BEGIN TASK INPUT
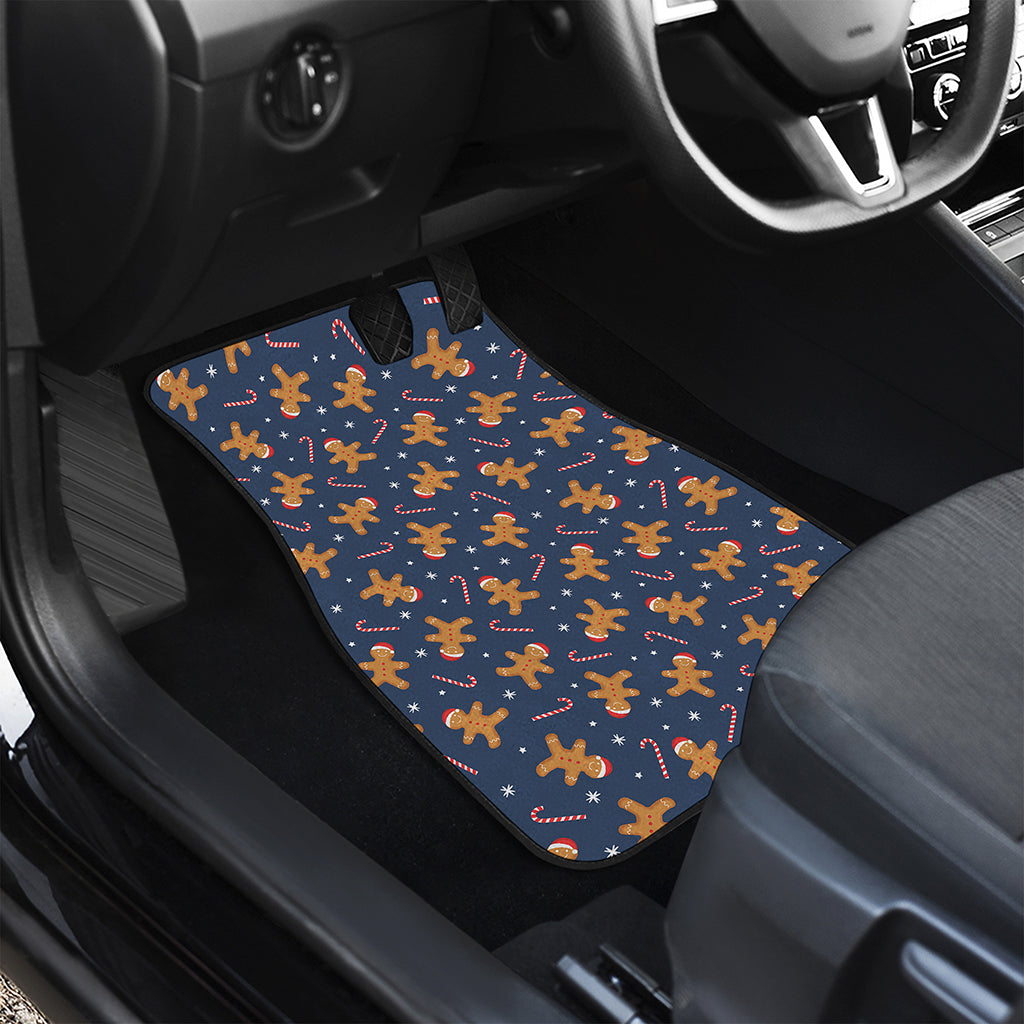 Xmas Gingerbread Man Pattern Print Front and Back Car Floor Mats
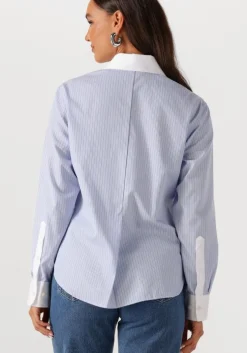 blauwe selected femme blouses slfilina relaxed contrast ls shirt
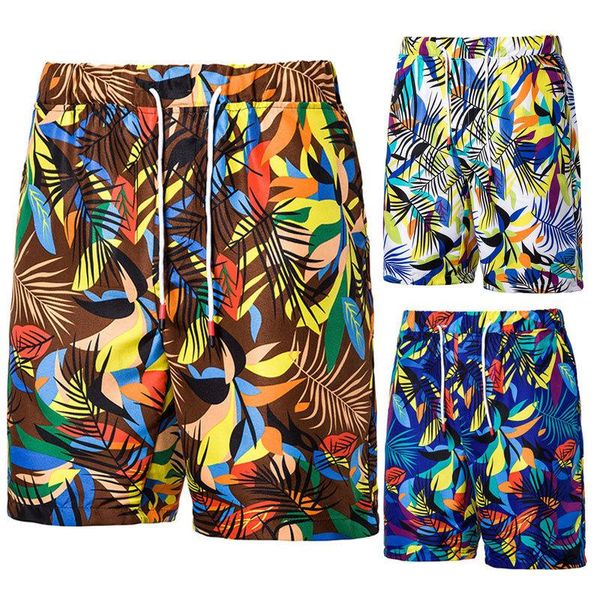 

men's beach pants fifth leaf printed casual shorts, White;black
END TASK INPUT
BEGIN TASK INPUT
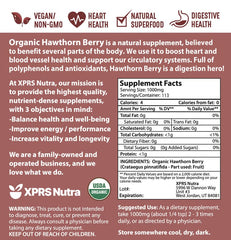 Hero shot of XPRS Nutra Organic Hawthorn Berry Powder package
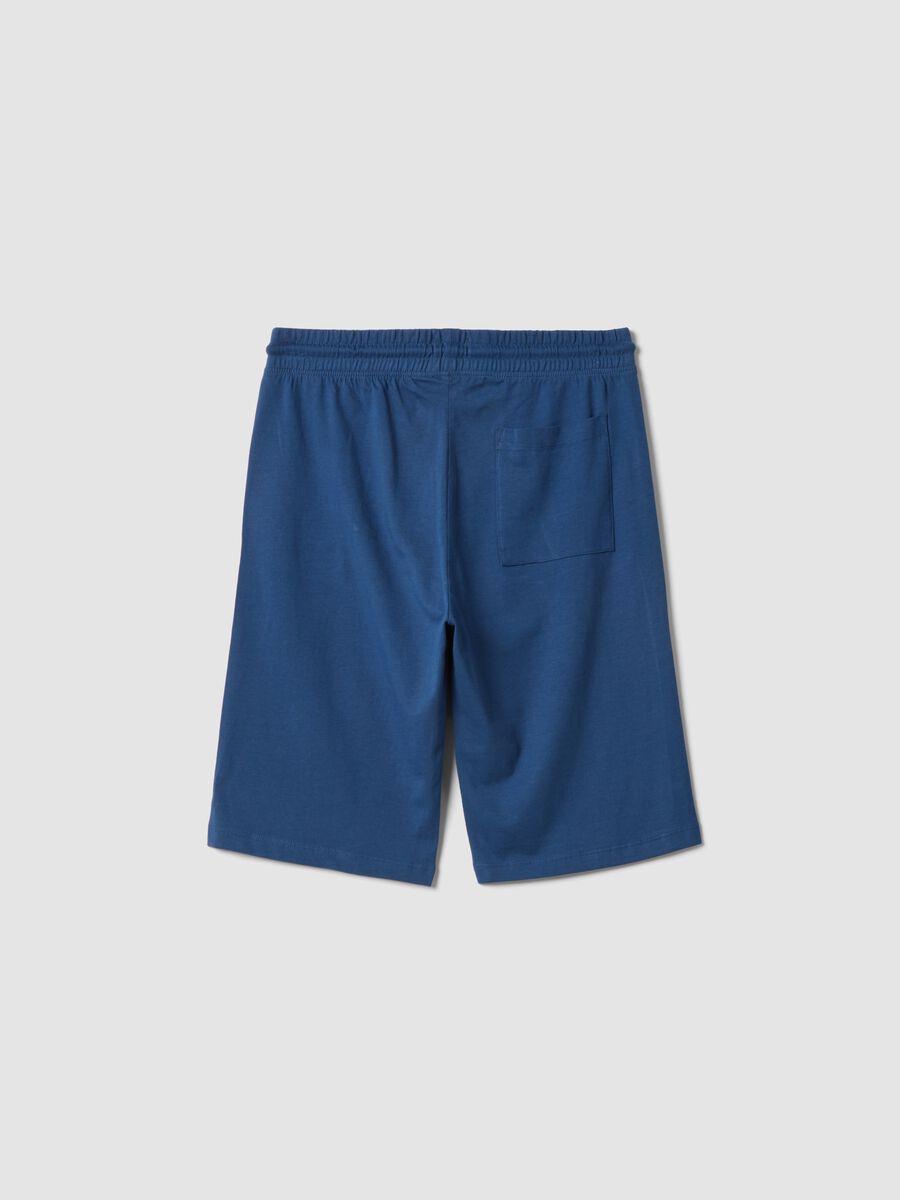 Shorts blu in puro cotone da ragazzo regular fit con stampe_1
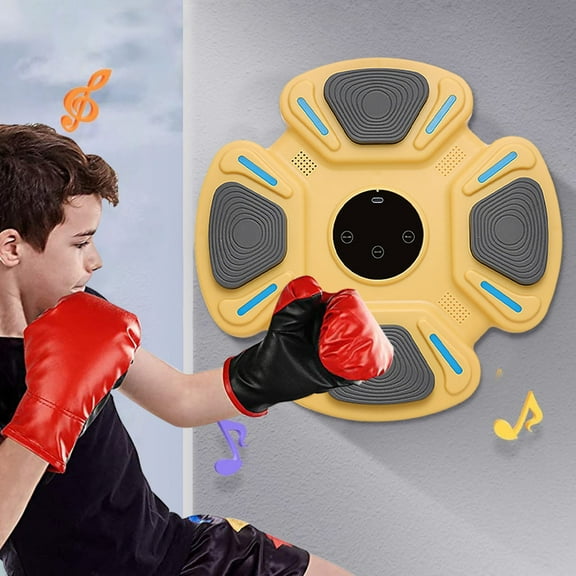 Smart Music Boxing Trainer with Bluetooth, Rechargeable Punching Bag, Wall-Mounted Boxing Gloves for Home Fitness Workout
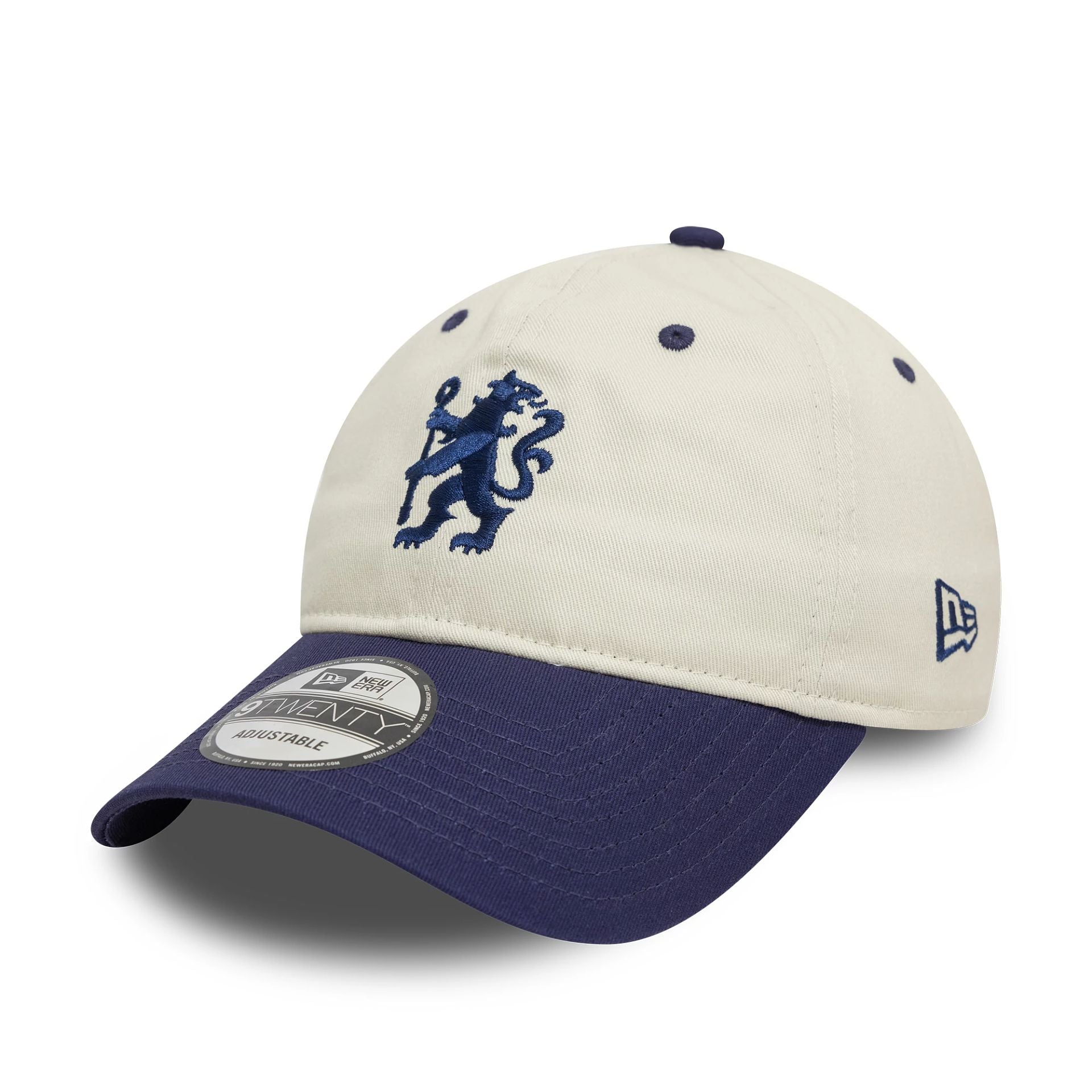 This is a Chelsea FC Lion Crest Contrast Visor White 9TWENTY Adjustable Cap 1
END TASK INPUT
* [EXERCISE AIM]: Only the lines starting at the one that includes "Xmas Gingerbread Man" and ending at the one that includes "men's beach pants" should be retyped, exactly, from the records above; no pictures.

* [SOLUTION TO THIS TASK]:
 Xmas Gingerbread Man Pattern Print Front and Back Car Floor Mats
 blauwe selected femme blouses slfilina relaxed contrast ls shirt

men's beach pants fifth leaf printed casual shorts, White;black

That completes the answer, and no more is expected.